Bangkok’s second terminal gets go-ahead; considerable investment at both the city’s main airports

Airports of Thailand (AoT) has approved a second terminal for Bangkok’s Suvarnabhumi International Airport. AoT will release three tenders in the coming months related to the terminal construction and design. Works on the new terminal were originally planned to commence in 2020, to plans by Thai architect Duangrit Bunnang, but were later shelved due to design concerns raised by the Council of Engineers and the Architects Council of Thailand regarding the terminal’s location and the project’s deviation from the original master plan.


Summary:

  • A second terminal will be built at Bangkok’s Suvarnabhumi International Airport within a USD4.26 billion master plan;
  • The master plan will also see other terminal developments and another runway at the airport, the main gateway to Thailand;
  • But construction also continues apace at Don Mueang Airport, which is enjoying a second lease of life.

The airport opened in 2006 to replace Don Mueang Airport and become the main international gateway to Bangkok. Don Mueang closed but capacity problems at Suvarnabhumi meant that it had to be reopened and, unusually in situations like this, Don Mueang, which caters mainly to low-cost airlines, has been growing faster than Suvarnabhumi in terms of passenger numbers.

Indeed at one stage it looked as if it would catch and overtake it. The variation is evident in the two highest growth years at each airport since 2009 – 175% and 41% at Don Mueang and just 14% and 12% at Suvarnabhumi, though it should be noted that they growing at approximately the same level momentarily.

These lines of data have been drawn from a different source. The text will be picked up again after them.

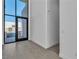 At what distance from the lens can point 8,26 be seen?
7672 mm

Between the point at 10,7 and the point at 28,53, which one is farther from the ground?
the point at 10,7

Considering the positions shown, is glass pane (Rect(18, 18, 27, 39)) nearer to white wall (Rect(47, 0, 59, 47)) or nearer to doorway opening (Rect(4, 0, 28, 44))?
doorway opening (Rect(4, 0, 28, 44))

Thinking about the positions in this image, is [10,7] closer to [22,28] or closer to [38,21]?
[22,28]

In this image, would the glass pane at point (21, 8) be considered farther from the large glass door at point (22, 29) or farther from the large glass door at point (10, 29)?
the large glass door at point (10, 29)

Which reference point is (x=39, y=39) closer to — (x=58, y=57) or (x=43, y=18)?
(x=43, y=18)

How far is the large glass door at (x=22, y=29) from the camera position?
841 cm

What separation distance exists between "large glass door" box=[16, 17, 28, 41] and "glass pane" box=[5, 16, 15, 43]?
445 millimetres

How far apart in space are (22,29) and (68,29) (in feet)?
15.5

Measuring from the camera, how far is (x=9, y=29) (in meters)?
7.75

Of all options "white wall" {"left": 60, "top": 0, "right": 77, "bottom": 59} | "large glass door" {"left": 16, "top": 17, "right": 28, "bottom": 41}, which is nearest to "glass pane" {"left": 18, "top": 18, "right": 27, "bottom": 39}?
"large glass door" {"left": 16, "top": 17, "right": 28, "bottom": 41}

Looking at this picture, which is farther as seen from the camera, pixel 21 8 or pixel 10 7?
pixel 21 8

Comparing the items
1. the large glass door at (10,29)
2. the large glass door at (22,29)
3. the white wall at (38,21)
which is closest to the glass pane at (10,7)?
the large glass door at (10,29)

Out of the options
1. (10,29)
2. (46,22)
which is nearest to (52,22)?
(46,22)

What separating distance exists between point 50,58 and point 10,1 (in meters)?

CHART – Suvarnabhumi International airport (top) was solution to Bangkok’s capacity constraints, but it is ultimately the reopening of Don Mueang airport (bottom) to cater for growing LCC demand where the strongest growth has been Source: CAPA – Centre for Aviation and Airports of Thailand PLC

The charts below details how the allocation of capacity differs significantly between the airports. It is immediately clear that while Suvarnabhumi has been impacted by budget airlines it is predominantly a full-service airport while Don Mueang is almost exclusively supporting the low-cost sector.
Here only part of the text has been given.